Score's partner, Nev Chandler: "That base hit makes Cecil Cooper 19 for 42."

Herb Score: "Even I know that's over .500."

He gave us an outlook on life, an outlook that I cling to even now.

"It's a long drive," he would say. "Is it fair? ... Is it foul? ... It is!"

It is. The one thing that Herb Score never told us, not in 30 years of broadcasting baseball games, is that he might have become the greatest pitcher who ever lived ... and he had the chance stolen from him. How would any of us deal with that? How would any of us survive the suffocating sadness of what might have been?

Could any of us have carried ourselves with the dignity of Herb Score?

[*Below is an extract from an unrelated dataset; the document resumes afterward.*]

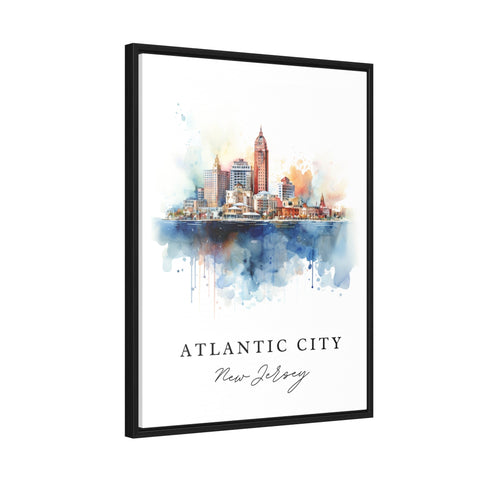 Atlantic City traditional travel art - New Jersey, Atlantic City poster print, Wedding gift, Birthday present, Custom Text, Perfect Gift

Herb Score's middle name was Jude. He was named for St. Jude, the patron saint of lost causes. At 3, he was hit by a truck and nearly lost both legs. At 8, he had rheumatic fever. At 15, he needed an emergency appendectomy. In his first full minor league season, he separated his shoulder. At another point, he cracked his elbow simply through the violence of his follow-through.

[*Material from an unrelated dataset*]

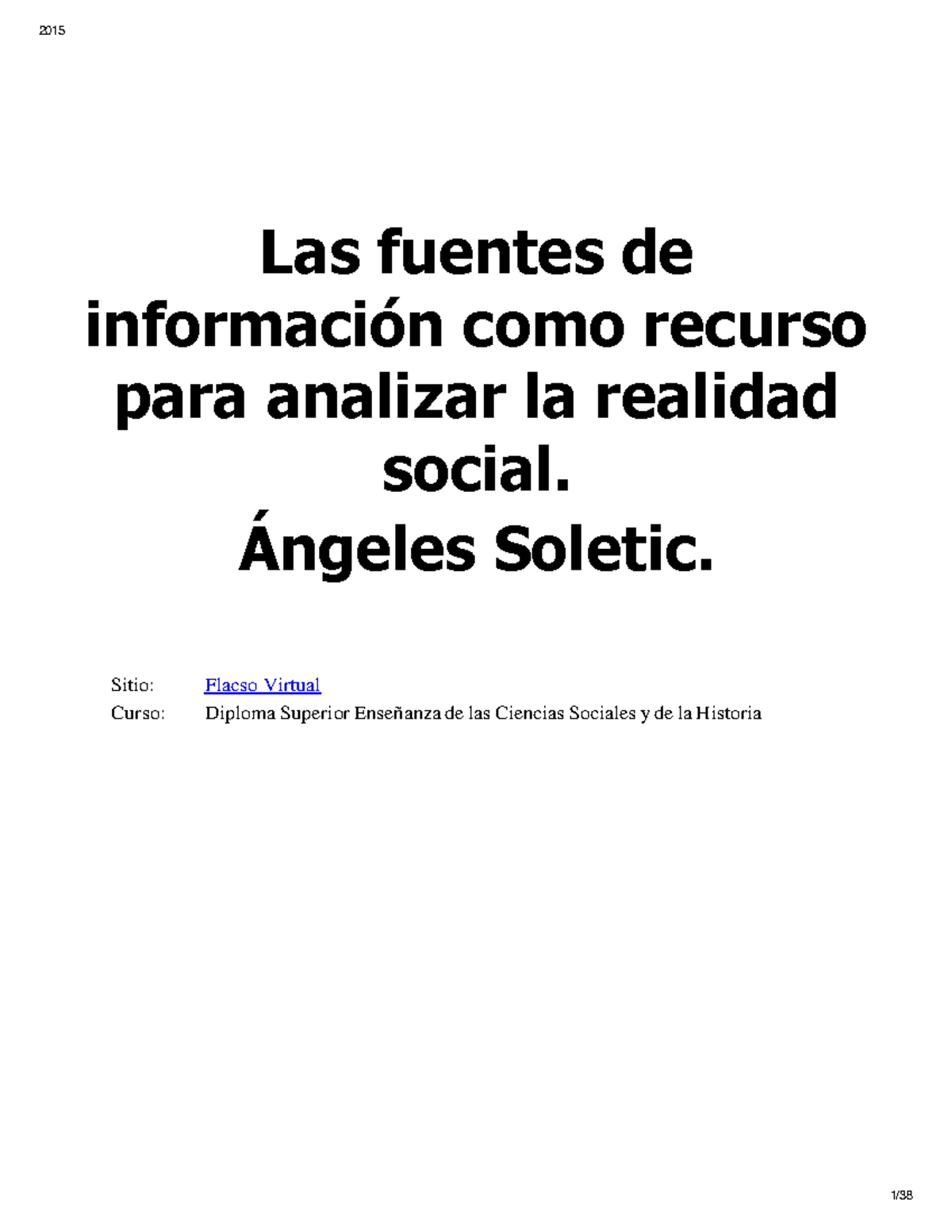 Fuentes de Información en Ciencias Sociales: Análisis y Estrategias ...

Two remarkable blessings did fall upon Herbert Jude Score. First, he was blessed with a remarkable mother, Anne. "She worked while I played," Herb often said. Score’s father was not often in his life, but his mother supported him and cared for him and prayed with him. Together they fought off Herb's Job-like trials and tribulations. Somehow they kept putting the pieces back together.

The second blessing: Herb Score was born with a left arm like no one on earth, not even a promising young pitcher about his age named Sandford Koufax.

Anne and Herb left New York when he was 15; she found a banking job in a place called Lake Worth, Fla., a little city bordering West Palm. It was a good place to settle. A guy named Cy Slapnicka lived in Lake Worth -- you might have heard of him. Slapnicka was an Iowan who had pitched briefly in the big leagues, and then he kicked around the game for another 50 years. He did a lot in baseball. Mostly, he signed Bob Feller.

And so the first time he saw Herb Score, Slapnicka just knew. He had found the left-handed Feller.

Slapnicka was hardly the only one to notice. Score was everything then. He was a basketball star. He was a power-hitting outfielder. But it was that arm -- he threw so many no-hitters that once, when he allowed four hits in a game, The Palm Beach Post wondered what was wrong with him. Score eventually got offers from 14 of the 16 big league teams. But Slapnicka wasn't going to let this one get away; he was a ruthless recruiter of talent (he almost lost Feller because of his overzealousness in the signing) and he saw Score as perhaps his last great chance to sign a pitcher who would change the course of baseball.

"A scout brought Hal Newhouser to me," Slapnicka said. "And I foolishly let him get away. This boy throws as hard, if not harder."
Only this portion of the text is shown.